My questions is... What is everyone using for the "BRAKE" lights for LEDs?


----------



## KOWCC (Mar 31, 2012)

Sorry bud, I have not messed with brake lights and don't plan to. I've seen one guy who has done it, but forgot which thread, Epence might know.


----------



## Stero1D (Aug 8, 2012)

KOWCC said:


> Sorry bud, I have not messed with brake lights and don't plan to. I've seen one guy who has done it, but forgot which thread, Epence might know.


why not?


----------



## KOWCC (Mar 31, 2012)

Stero1D said:


> why not?


Because I can almost guarantee those will cause a continuous bulb out error.... Luckily, so far in my setup I only get a bulb out error once every 4-5 starts, and it only lasts about 30 seconds after start, then turns off; this includes running only Canbus as well.


----------



## Stero1D (Aug 8, 2012)

KOWCC said:


> Because I can almost guarantee those will cause a continuous bulb out error.... Luckily, so far in my setup that I only get a bulb out error once every 4-5 starts, and it only lasts about 30 seconds after start, then turns off; this includes running only Canbus as well.

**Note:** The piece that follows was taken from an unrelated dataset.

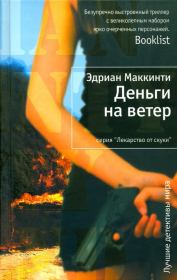 Деньги на ветер. Эдриан Маккинти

Our led guy is running them now...i thnk.. and planning on sellin those soon, we will see )


----------



## Epence (Jan 7, 2010)

pics are coming within this week. :thumbup::laugh:

front signals are indeed reversed polarity on the socket. I guess standard BAY9S isn't, which is all kinds of BAY9S.

Definitely need "CANBUS" so the bulb out indicator won't show up on dash.


----------



## KOWCC (Mar 31, 2012)

Epence said:


> pics are coming within this week. :thumbup::laugh:
> 
> front signals are indeed reversed polarity on the socket. I guess standard BAY9S isn't, which is all kinds of BAY9S.
> 
> Definitely need "CANBUS" so the bulb out indicator won't show up on dash.

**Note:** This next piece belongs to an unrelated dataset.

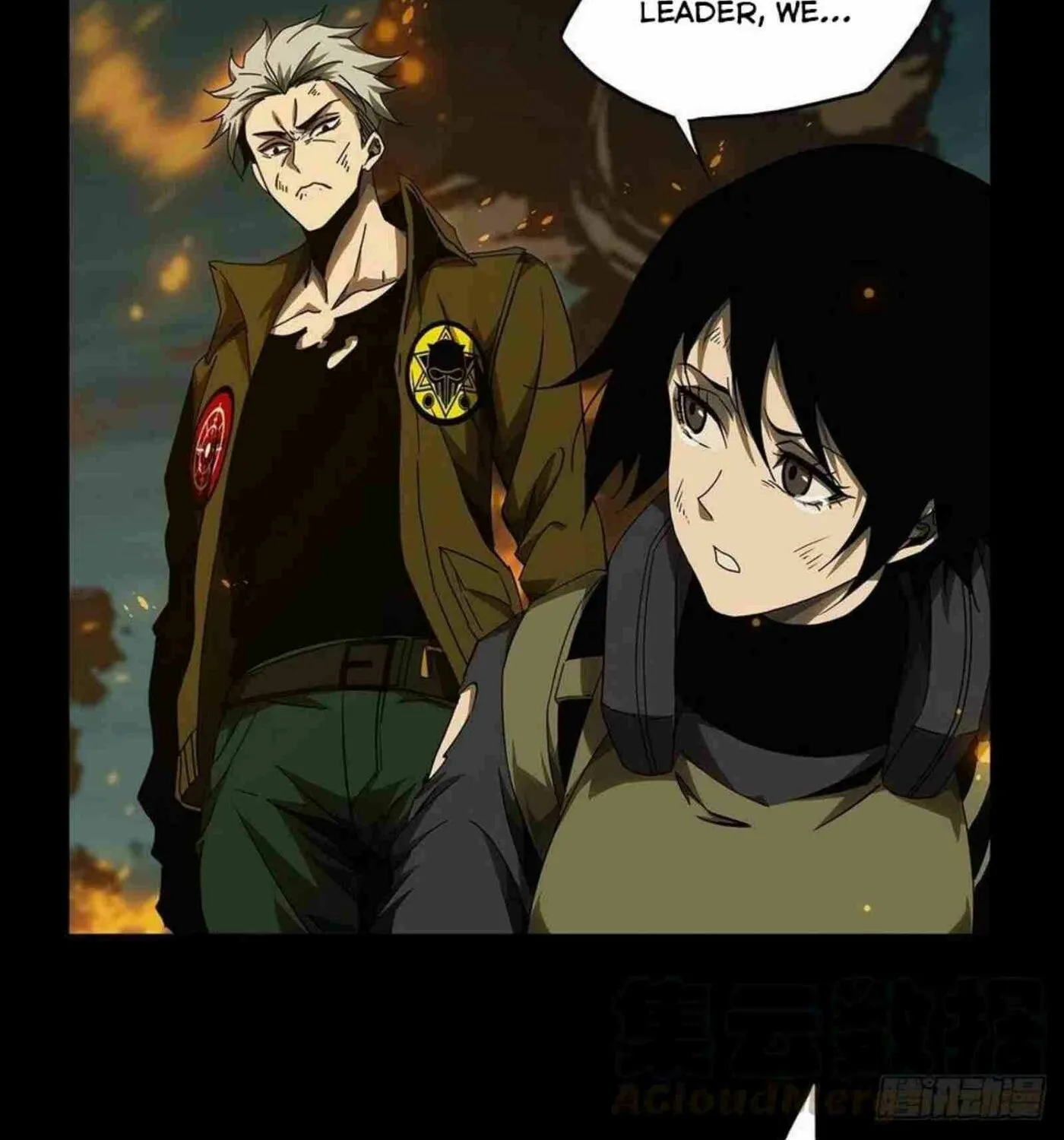 Read Formless Form (Colored) chapter 146 image 44 on Lezhin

Yep, with you on all that. I ordered two sets of reverse polarity bulbs, 13 smd, and they are on their way already. Should have them by next week.


----------



## Epence (Jan 7, 2010)

clickumpkin:me


----------



## KOWCC (Mar 31, 2012)

Epence said:


> clickumpkin:me


Are those your LEDs?


----------



## usaf-lt-g (May 16, 2012)

Epence said:


> clickumpkin:me


Need a few things...

White Reverse Lights (LED)
Brake lights (RED LEDS)
Cornering Lamps (H11) LEDs...

So far everything I've tried on those (and I have a bunch of bulbs just collecting dust now because of it), they don't work.


----------



## Epence (Jan 7, 2010)

KOWCC said:


> Are those your LEDs?


yessir. 




usaf-lt-g said:


> Need a few things...
> 
> White Reverse Lights (LED)
> Brake lights (RED LEDS)
> ...


check out my sig. 
I don't think LED cornering light will be as bright as regular one. I will look into it as well. Cornering bulbs are H11's for projector headlights ? 

Brake lights are coming. :laugh:


----------



## usaf-lt-g (May 16, 2012)

Epence said:


> Cornering bulbs are H11's for projector headlights ?

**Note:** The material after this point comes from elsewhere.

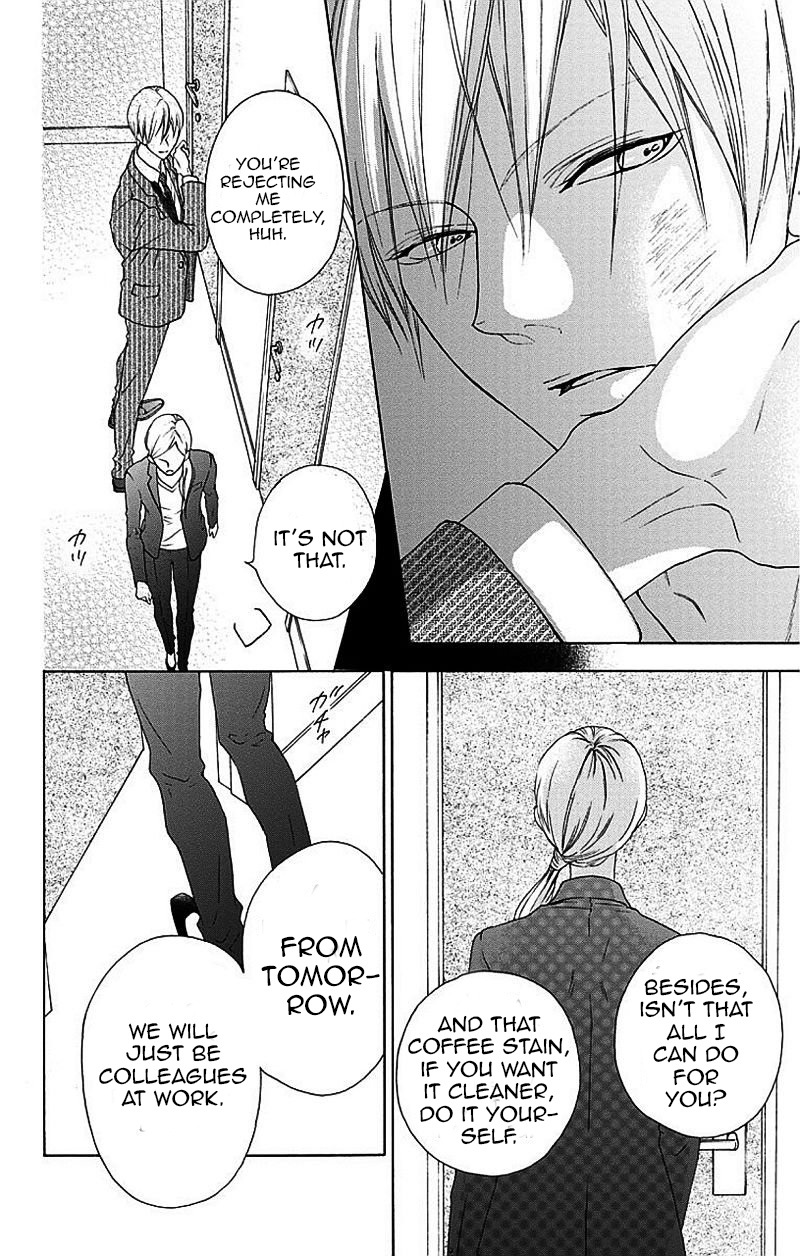 Game: Suit no Sukima Chapter 1 page 31 - Chapter 1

Oops! Made a mistake. H7 is the cornering light. All the H7 LED options I've tried so far have failed. I believe this likely has to do with the fact that the "cornerning" light is a "fading light" It turns on, and then fades out.... the LEDs would have to support that functionality as well as a CANBUS error free.


----------



## KOWCC (Mar 31, 2012)

usaf-lt-g said:


> Oops! Made a mistake. H7 is the cornering light. All the H7 LED options I've tried so far have failed. I believe this likely has to do with the fact that the "cornerning" light is a "fading light" It turns on, and then fades out.... the LEDs would have to support that functionality as well as a CANBUS error free.


I hear you, but the interior lighting and the puddles fade in and fade out and those are LEDs and they have no issues. When you say failing, are they burning out, causing errors??


----------



## usaf-lt-g (May 16, 2012)

KOWCC said:


> I hear you, but the interior lighting and the puddles fade in and fade out and those are LEDs and they have no issues. When you say failing, are they burning out, causing errors??


Good point... No failing as in... don't light up at all. Or light for a brief moment and then go out.

The H7s don't light at all and throw an error of course.


----------



## Stero1D (Aug 8, 2012)

Xenon White 3smd waterproof. 

Going to use these for front and rear footwells


----------



## Epence (Jan 7, 2010)

Stero1D said:


> Xenon White 3smd waterproof.
> 
> Going to use these for front and rear footwells


Look good. :thumbup: where are you going to get power source?


----------



## Stero1D (Aug 8, 2012)

Epence said:


> Look good. :thumbup: where are you going to get power source?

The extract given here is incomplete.